El interior de los armarios también merece atención periódica, especialmente la despensa o el armario de especias. Una o dos veces al año puedes hacer una limpieza profunda: saca todo, aspira o barre las migas. Usa la aspiradora para eliminar migas o restos de azúcar sueltos. Limpia las baldas con un paño escurrido y un limpiador suave, seca y vuelve a colocar todo ordenadamente. Aprovecha para revisar fechas de caducidad: ¡dos tareas en una! Para la limpieza habitual, basta con limpiar las puertas y bordes para que todo luzca ordenado. Armarios limpios no solo son más higiénicos (sin manchas que atraigan plagas), sino que también refrescan el aspecto de tu cocina.

Paso 5: Encimera, azulejos y toque final

En el último paso dejamos la encimera y la pared trasera relucientes y damos los últimos detalles para que toda la cocina quede fresca.
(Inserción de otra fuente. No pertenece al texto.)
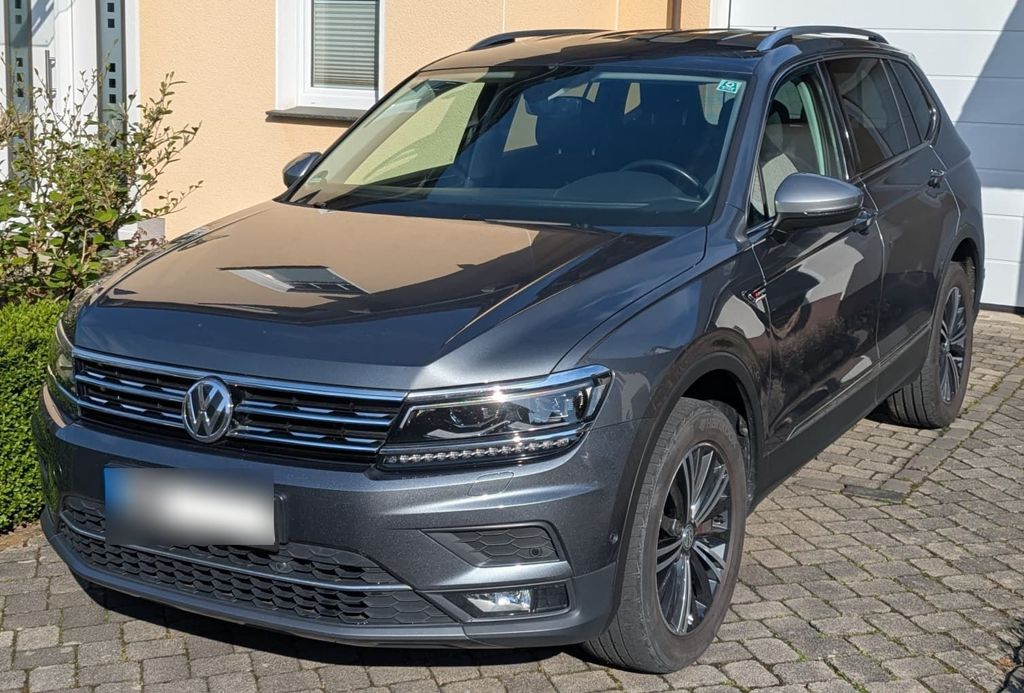 Image of Volkswagen Tiguan Allspace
Empieza con la encimera. Retira todos los objetos sueltos (electrodomésticos, especieros, etc.) para poder limpiar bien. Limpia la superficie con agua tibia y un poco de limpiador multiusos o detergente. Usa un paño de microfibra para mejores resultados: atrapa bien la suciedad y las migas. ¿Quedan manchas o suciedad pegada? Un poco de desengrasante concentrado o bicarbonato en una esponja puede hacer maravillas. Luego enjuaga con un paño limpio y húmedo y seca completamente con un paño seco. Una encimera seca se mantiene limpia e higiénica por más tiempo, ya que la humedad favorece la proliferación de bacterias.
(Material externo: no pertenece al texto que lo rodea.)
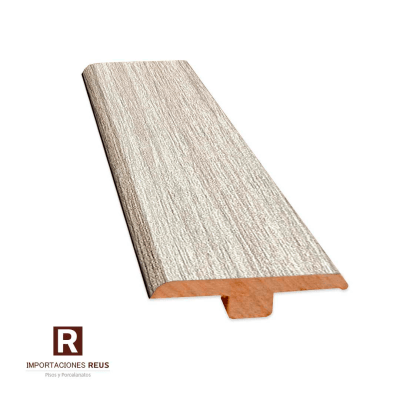 Cubrejunta de Transición 9X45X2400mm - FOLIO AVELLANA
Continúa con la pared trasera y azulejos sobre la encimera (si los tienes). Los azulejos de cocina reciben mucha grasa y vapor. Rocía un buen desengrasante, como un spray limpiador Fabulosa o una solución de vinagre, y limpia con una esponja. Pon especial atención a las juntas entre azulejos. Si ves manchas (por ejemplo, negras o amarillentas), aplica un poco de vinagre o lejía en las juntas. Deja actuar unos minutos y frota con un cepillo de dientes viejo. Luego limpia toda la pared con agua limpia para eliminar restos de producto. Un truco para azulejos brillantes: al final pásalos con un cubo de agua tibia con un poco de suavizante de telas; así brillan y la cocina huele fresca.

Por último, revisa si has olvidado algo. Limpia el fregadero y el grifo (pasar un limón por el grifo elimina la cal y le da brillo), vacía la papelera y pon una bolsa nueva. Como toque final, barre y friega el suelo de la cocina para una sensación de limpieza total. Usa un limpiador adecuado; hay productos excelentes como el limpiador de suelos Pink Stuff que elimina la suciedad y deja un aroma fresco. Vuelve a colocar todo lo que habías retirado de la encimera y admira tu trabajo: ¡tu cocina parece nueva!

Con este plan de pasos puedes limpiar tu cocina de forma estructurada y eficiente. Puedes hacer pausas entre pasos, pero asegúrate de hacerlos todos regularmente. Cuanto más mantengas, menos pesada será cada limpieza a fondo. ¡Mucho éxito con tu cocina impecable!